Monday Smiles – 1/16/2012

Sunday afternoon, Muri and I drove to the aging but still beautiful Los Angeles Music Center to see a matinee of the Pulitzer Prize winning play, Clybourne Park.  The Music Center is a complex of three venues built around a plaza of sculpture, fountains and reflecting pools nearly at the center of the city.  At one end of the complex is the largest of the venues,, the Dorothy Chandler Pavilion, probably best known for the years it hosted the Academy Awards.   At the other end is the Ahmanson Theater, which presents large scale theatrical productions, particularly musicals.   A circular building in the center is the Mark Taper Forum, which presents newer and edgier theatrical material.  This, plus the more culturally and ethnically diverse audiences make theater at the Music Center a completely different experience from Orange County theater.
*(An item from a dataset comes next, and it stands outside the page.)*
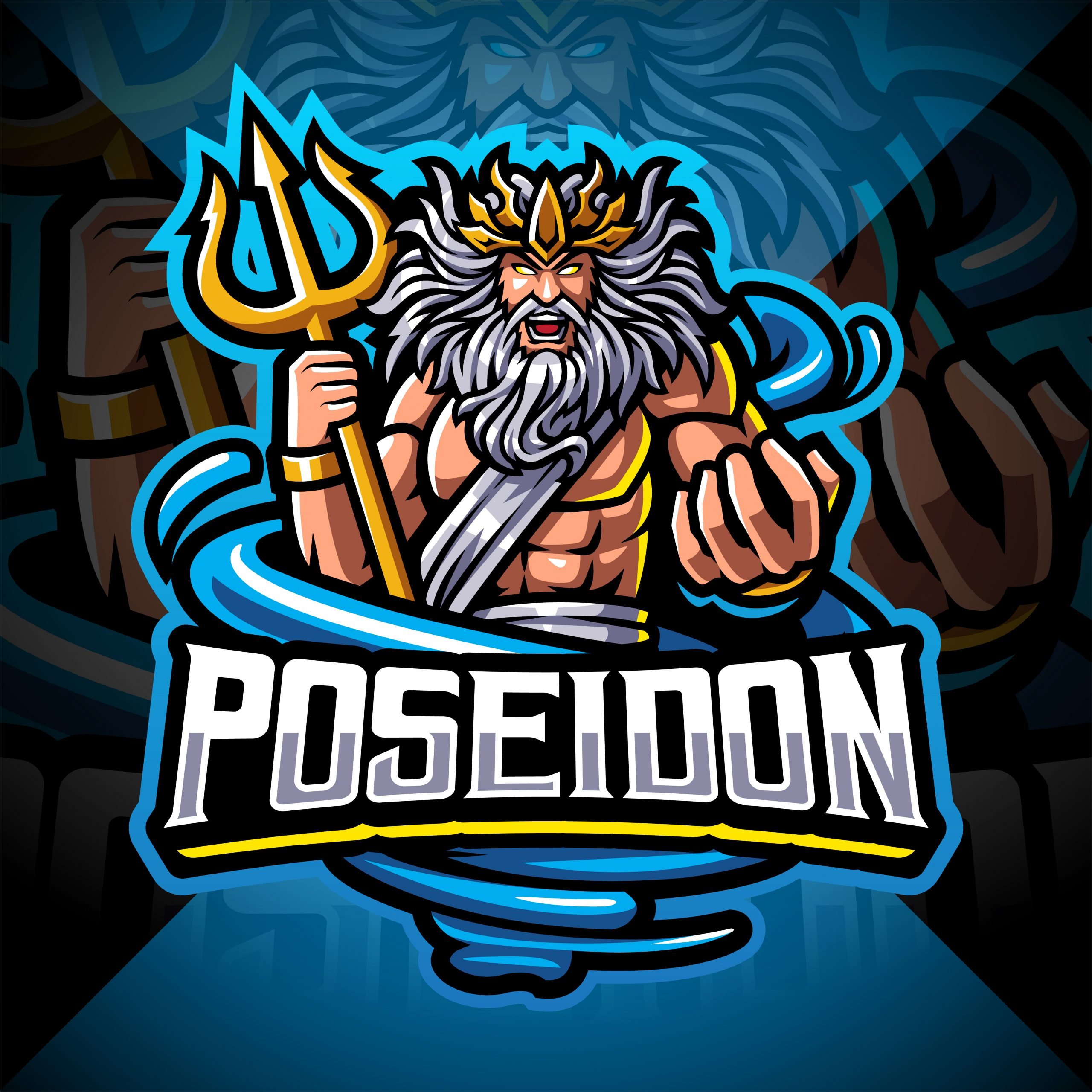 Poseidon Esport Mascot Logo Design With Trident Weapon – GraphicsFamily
Clybourne Park is a dramatic comedy that picks up where A Raisin in the Sun leaves off.   A Raisin in the Sun, set in the 1950s, is about an African American family, the Youngers, that purchases a house in the all-white neighborhood of Clybourne Park.  In the final scene of Raisin, Carl Lindner, chairman of the Clybourne Park Welcoming Committee, tries to convince the Youngers not to buy the house, essentially saying that Negro families are happier when they stay in their own communities, which the Youngers refuse to do.  In the first act of Clybourne, Lindner shows up at the home of the Stollers, trying to convince them not to sell to the Youngers.   In a darkly humorous scene involving the Stollers, Lidner and his wife, the local minister and the Stollers’ African American housekeeper, we get to see the racial attitudes prevalent in the times.  Act Two turns the tables fifty years later as as a white couple prepares to tear down the same house but have to deal with a petition from the mostly African American neighbors regarding the design of the house they want to build.    As the white couple, a couple from the neighborhood and two attorneys meet to work out a settlement, the negotiation starts out politely but as racial prejudices begin to leak out on both sides political correctness falls by the wayside.  The humor has you laughing out loud but wondering whether you should be.  The playwright, Bruce Norris, says, Cringing and laughing are two really good things … I always like it when (the audience doesn’t) know whether to laugh or cringe.   In Clybourne Park, we cringe because Norris is unmasking us.

Interesting, provocative theater at a great venue on a Sunday afternoon.   Dinner on the way home at the Elephant Bar.  It’s Monday.  I’m smiling.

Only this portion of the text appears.